“THE LAST WORD” My rating: C+ (Opens March 24 at the Glenwood Arts, Cinemark Palace and AMC Barrywoods)
108 minutes | MPAA rating: R
Any film that sends you out to your car humming The Kinks’ “Waterloo Sunset”cannot be dismissed out of hand.
Still, an aura of uneasy familiarity clings to “The Last Word,”a dramedy that plays like a second-class “A Man Called Ove” from a female perspective.
Shirley MacLaine portrays 81-year-old Harriet, a grouchy, judgmental woman who radiates disdain for the lesser mortals around her.
Harriet is, of course, a variation on the character MacLaine has played so often (“Guarding Tess” and “Bernie,” for starters) that she could do it in her sleep.

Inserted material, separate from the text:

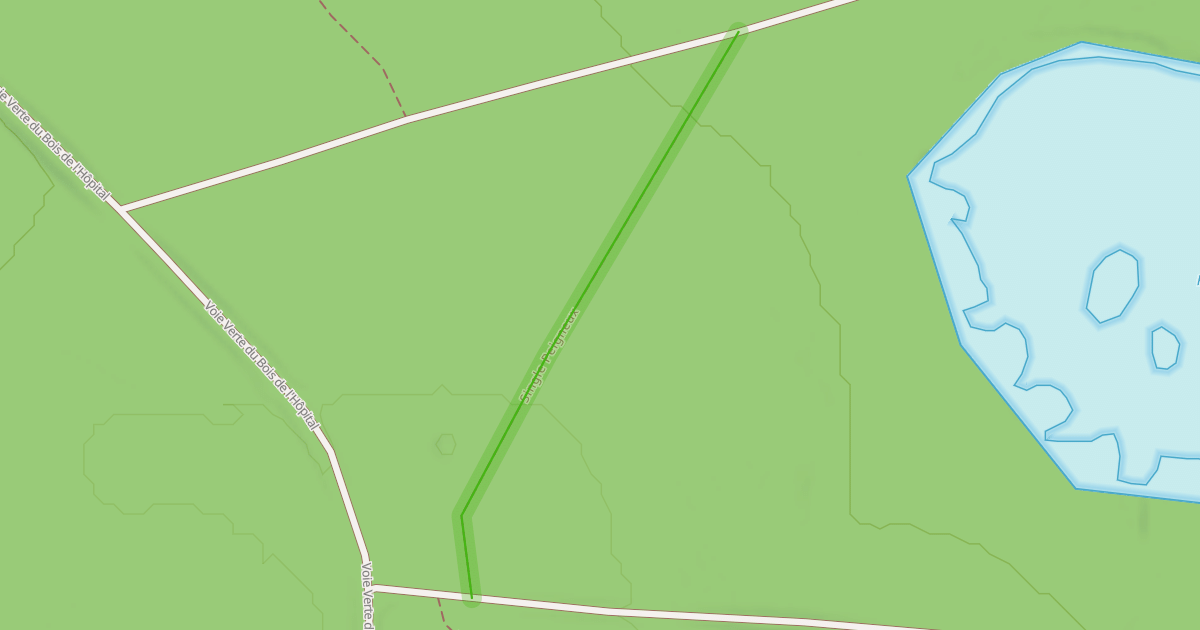 Map preview of Single Peigneux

Sensitive about both her mortality and her legacy, Harriet pulls strings to have the local newspaper’s obituary writer, Anne (Amanda Seyfried), write her death notice in advance. She even provides a list of acquaintances Anne should interview.

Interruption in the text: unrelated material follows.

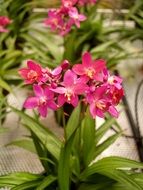 pink garden Orchid Flower Bright plants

Problem is, not one of these individuals has anything good to say about Harriet. According to Anne, the old lady “puts the bitch in obituary.”
At this point Stuart Ross Fink’s screenplay starts turning squishy. To restore her image, and so that Anne will have something positive to put in the obit, Harriet becomes mentor to the foul-mouthed Brenda (AnnJewel Lee Dixon), an at-risk African American child who is so precocious and self-possessed that she hardly seems at risk at all.

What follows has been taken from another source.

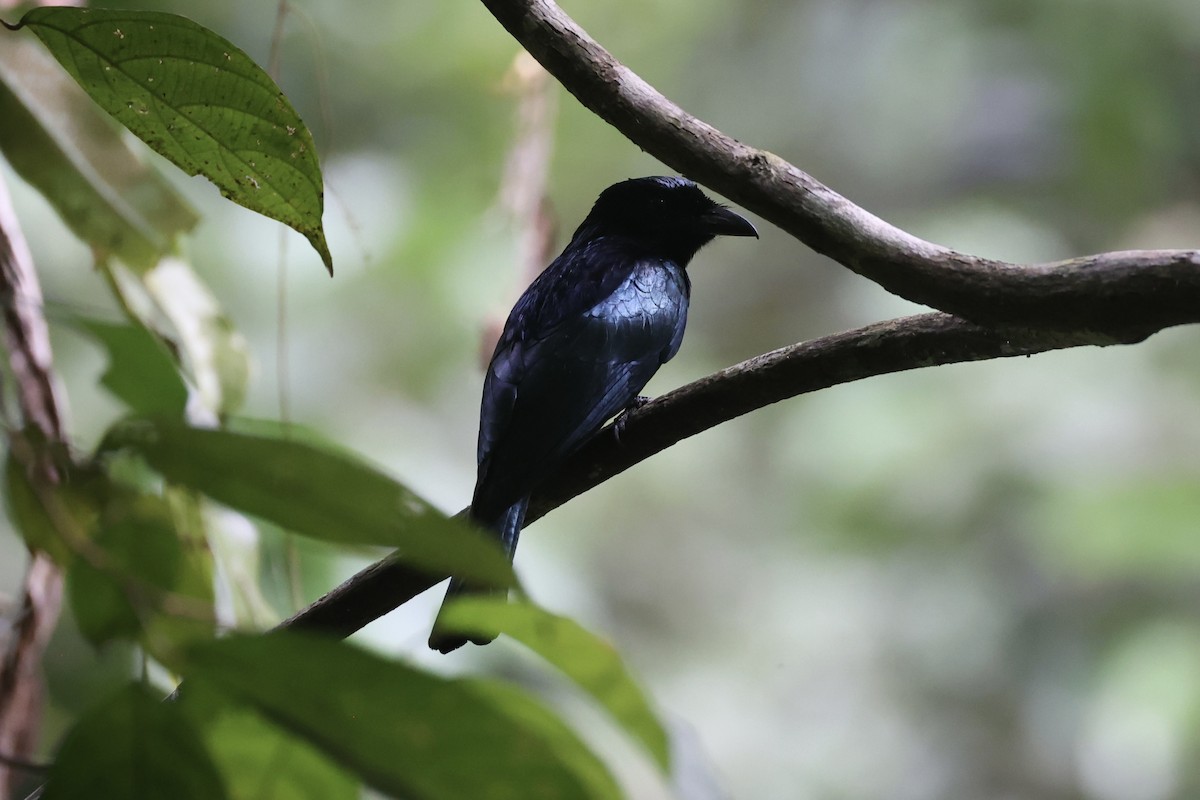Short-tailed Drongo - ML646333915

Harriet also volunteers to work as a deejay at a local community radio station, snowing the station manager (Thomas Sadoski) with her knowledge of obscure ’60s pop and even orchestrating a romance between the fellow and obit-writer Anne.
Late in the proceedings she takes Anne and Brenda on a road trip for a long-delayed reunion with her grown daughter (Anne Heche).
None of this is in the least bit original — though it’s been carefully calculated to squeeze the tear ducts for a bathetic sendoff.
The good news is that MacLaine keeps finding new angles on what long ago became one of her stock characters.
That and the strong supporting cast assembled by director Mark Pellington (Philip Baker Hall, Tom Everett Scott, Gedde Watanabe, Sarah Baker), who find ways to make more of the material than it deserves.